The manganese dioxide was then filtered off and the filtrate was evaporated. 7902666 39 des. the residue was chromatographed on 6 g of silica gel using 4% (v / v) ethanol in methylene chloride. Fractions containing the pure compound was combined and evaporated.
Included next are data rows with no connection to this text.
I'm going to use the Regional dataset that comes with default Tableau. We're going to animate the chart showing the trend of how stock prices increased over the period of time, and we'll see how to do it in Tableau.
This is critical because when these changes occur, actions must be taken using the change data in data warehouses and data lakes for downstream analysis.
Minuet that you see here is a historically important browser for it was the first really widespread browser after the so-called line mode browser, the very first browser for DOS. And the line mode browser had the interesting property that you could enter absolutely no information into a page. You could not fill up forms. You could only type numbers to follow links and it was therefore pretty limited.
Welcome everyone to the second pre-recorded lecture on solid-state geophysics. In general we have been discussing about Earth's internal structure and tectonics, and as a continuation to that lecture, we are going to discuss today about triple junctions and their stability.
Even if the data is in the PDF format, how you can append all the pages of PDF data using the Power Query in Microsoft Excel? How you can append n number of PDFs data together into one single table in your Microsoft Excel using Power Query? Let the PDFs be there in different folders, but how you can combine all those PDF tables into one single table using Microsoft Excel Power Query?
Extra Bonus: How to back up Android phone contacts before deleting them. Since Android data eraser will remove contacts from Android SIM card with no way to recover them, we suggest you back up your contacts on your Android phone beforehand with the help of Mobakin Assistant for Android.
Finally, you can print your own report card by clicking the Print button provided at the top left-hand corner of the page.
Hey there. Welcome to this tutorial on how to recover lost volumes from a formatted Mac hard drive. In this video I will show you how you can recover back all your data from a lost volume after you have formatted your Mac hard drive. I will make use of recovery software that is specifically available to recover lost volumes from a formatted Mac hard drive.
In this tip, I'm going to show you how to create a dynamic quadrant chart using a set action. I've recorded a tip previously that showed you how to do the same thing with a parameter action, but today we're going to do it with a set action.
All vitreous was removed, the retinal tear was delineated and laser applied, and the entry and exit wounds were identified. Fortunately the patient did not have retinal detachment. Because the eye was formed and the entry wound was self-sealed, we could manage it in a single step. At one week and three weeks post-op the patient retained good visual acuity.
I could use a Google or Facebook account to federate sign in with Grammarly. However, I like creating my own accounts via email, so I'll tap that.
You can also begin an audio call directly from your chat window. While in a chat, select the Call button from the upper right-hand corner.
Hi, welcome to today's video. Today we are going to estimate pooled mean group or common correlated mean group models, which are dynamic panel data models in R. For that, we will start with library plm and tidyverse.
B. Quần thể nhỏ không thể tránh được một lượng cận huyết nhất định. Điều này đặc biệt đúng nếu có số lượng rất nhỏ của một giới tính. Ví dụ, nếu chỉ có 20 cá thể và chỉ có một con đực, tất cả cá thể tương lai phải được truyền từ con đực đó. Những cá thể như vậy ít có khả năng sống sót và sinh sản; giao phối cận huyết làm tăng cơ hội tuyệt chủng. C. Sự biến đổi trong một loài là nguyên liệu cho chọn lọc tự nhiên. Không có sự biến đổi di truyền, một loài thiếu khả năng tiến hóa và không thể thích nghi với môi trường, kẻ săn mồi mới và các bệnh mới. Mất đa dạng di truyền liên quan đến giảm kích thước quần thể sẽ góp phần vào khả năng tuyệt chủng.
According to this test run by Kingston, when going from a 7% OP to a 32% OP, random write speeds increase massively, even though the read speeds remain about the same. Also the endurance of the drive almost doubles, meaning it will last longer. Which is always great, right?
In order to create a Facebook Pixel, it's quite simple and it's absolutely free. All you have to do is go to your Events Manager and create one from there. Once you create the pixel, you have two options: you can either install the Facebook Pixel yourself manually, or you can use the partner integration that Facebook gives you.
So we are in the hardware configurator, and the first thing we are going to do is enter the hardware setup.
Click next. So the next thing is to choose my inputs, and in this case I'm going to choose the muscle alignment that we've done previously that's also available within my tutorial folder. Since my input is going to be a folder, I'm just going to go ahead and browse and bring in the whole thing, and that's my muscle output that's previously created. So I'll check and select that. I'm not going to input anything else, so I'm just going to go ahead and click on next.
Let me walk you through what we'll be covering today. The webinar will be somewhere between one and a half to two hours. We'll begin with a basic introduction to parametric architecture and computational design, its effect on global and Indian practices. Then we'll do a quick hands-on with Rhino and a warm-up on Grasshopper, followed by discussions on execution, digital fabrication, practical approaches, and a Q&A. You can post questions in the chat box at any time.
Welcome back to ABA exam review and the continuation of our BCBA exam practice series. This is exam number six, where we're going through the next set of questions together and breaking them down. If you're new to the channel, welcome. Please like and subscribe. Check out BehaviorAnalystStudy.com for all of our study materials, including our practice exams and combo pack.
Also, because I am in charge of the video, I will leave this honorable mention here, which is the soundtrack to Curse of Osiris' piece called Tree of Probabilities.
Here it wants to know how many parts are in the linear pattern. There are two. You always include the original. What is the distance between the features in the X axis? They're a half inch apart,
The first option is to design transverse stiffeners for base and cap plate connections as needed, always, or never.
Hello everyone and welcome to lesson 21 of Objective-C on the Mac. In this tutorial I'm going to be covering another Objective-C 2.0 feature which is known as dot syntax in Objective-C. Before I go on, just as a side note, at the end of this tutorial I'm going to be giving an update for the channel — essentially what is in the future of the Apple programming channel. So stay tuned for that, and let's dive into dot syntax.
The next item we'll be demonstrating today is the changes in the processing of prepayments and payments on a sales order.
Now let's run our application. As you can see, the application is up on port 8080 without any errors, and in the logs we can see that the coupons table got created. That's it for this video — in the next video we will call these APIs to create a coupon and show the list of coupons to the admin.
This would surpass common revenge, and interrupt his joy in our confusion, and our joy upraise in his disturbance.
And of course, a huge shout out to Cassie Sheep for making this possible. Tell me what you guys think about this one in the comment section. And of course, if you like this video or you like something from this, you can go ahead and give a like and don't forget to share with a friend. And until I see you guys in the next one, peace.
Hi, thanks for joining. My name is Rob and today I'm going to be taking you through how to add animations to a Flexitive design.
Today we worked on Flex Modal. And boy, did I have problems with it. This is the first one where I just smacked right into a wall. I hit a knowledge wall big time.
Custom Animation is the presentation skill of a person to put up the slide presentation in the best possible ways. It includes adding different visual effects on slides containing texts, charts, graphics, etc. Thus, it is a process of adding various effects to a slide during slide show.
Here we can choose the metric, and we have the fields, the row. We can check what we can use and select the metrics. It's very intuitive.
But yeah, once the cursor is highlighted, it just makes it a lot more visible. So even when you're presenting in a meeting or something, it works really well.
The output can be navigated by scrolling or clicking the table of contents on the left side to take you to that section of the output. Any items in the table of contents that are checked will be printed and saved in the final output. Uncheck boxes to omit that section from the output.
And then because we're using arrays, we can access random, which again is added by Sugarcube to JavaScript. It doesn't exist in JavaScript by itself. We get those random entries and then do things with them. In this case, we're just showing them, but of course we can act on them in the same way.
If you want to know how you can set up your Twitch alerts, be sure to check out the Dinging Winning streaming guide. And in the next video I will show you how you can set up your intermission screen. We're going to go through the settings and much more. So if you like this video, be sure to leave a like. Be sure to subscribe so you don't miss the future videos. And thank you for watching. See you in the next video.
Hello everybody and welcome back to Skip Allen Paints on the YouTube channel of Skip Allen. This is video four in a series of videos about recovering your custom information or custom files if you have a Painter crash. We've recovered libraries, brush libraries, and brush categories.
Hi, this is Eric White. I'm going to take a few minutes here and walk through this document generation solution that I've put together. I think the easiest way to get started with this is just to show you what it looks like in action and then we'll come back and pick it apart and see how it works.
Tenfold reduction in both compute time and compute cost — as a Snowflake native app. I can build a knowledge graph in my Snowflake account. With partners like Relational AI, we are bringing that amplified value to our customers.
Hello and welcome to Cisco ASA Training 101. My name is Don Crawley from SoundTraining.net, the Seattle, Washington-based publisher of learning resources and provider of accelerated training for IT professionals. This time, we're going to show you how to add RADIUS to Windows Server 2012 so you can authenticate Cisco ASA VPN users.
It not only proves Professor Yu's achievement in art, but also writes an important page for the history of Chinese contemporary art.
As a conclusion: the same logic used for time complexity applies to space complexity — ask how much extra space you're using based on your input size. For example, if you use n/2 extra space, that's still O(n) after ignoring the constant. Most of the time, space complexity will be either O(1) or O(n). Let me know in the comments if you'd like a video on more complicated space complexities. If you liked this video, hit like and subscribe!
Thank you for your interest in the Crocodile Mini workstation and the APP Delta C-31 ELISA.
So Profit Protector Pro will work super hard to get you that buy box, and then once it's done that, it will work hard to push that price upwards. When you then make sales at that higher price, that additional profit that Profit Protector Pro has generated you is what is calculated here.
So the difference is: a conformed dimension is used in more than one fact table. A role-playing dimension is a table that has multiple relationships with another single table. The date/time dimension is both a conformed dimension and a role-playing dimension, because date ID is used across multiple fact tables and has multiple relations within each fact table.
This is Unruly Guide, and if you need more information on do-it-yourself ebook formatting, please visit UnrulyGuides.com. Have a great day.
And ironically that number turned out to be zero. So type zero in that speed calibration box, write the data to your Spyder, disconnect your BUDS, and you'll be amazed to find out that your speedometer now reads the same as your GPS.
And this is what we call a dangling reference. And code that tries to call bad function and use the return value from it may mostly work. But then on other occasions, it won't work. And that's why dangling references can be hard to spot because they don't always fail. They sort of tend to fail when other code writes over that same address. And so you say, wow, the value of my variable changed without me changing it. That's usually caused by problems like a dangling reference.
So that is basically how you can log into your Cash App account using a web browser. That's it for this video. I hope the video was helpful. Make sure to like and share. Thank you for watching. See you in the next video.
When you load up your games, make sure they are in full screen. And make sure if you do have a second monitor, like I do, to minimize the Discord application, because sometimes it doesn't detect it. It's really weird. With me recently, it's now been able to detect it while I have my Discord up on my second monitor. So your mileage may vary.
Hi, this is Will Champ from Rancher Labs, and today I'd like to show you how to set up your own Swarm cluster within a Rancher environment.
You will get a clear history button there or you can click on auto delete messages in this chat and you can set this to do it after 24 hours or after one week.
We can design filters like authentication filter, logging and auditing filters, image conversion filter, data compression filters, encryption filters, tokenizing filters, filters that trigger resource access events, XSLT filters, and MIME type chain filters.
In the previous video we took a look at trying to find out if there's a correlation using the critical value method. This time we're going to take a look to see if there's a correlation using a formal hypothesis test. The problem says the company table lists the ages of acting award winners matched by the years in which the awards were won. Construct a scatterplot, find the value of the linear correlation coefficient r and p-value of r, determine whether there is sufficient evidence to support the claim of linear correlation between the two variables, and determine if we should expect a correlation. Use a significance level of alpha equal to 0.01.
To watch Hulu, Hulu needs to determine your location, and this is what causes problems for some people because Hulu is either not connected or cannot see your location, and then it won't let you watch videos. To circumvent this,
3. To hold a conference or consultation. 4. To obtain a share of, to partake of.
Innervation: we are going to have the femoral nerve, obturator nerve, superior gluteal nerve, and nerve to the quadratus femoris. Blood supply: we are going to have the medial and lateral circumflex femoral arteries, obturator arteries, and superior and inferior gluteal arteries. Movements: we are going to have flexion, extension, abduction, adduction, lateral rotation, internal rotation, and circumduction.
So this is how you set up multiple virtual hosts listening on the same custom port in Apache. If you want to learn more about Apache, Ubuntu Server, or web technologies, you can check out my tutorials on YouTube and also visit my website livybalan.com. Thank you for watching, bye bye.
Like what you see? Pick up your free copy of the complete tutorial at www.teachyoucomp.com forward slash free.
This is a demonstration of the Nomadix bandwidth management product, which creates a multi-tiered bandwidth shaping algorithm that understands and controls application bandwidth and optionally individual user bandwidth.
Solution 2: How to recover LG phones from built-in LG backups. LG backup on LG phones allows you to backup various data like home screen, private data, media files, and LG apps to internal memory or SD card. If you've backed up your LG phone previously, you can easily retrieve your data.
Crystallization of the residue from ether / hexane gave B-chloro-1- methyl-6-phenyl-1H-imidazo [1,5-a] thieno [3,2-f] [1,4] diazepine with melting point 168 - 17 °.

Claims (2)

7902666-2 I mi CLAIMS 1. A compound of the formula wherein A is the group -? = N-; R 1, R 2 and R 3 represent hydrogen or R 5 is lower alkyl; R 4 represents hydrogen, halogen, lower alkyl, lower alkylamino, lower alkanoylamino, amino, hydroxy-lower alkyl or lower alkanoyl; R 6 represents phenyl or halophenyl; and represents one of the groups a) b) or c) wherein X is hydrogen or chlorine; for use as an intermediate for the preparation of therapeutically valuable imidazole, 5-a7-E1, Q7 diazepines. A compound according to claim 1 having the formula RP 10 R 2 on H 7902666-1 41 wherein A is the group -f = N-; R 1, R 2 and R 3 represent hydrogen or R 5 is lower alkyl; R 4 represents hydrogen, halogen, lower alkyl, lower alkylamino, lower alkanoylamino, amino, hydroxy-lower alkyl or lower alkanoyl; and R 6 represents phenyl or halophenyl.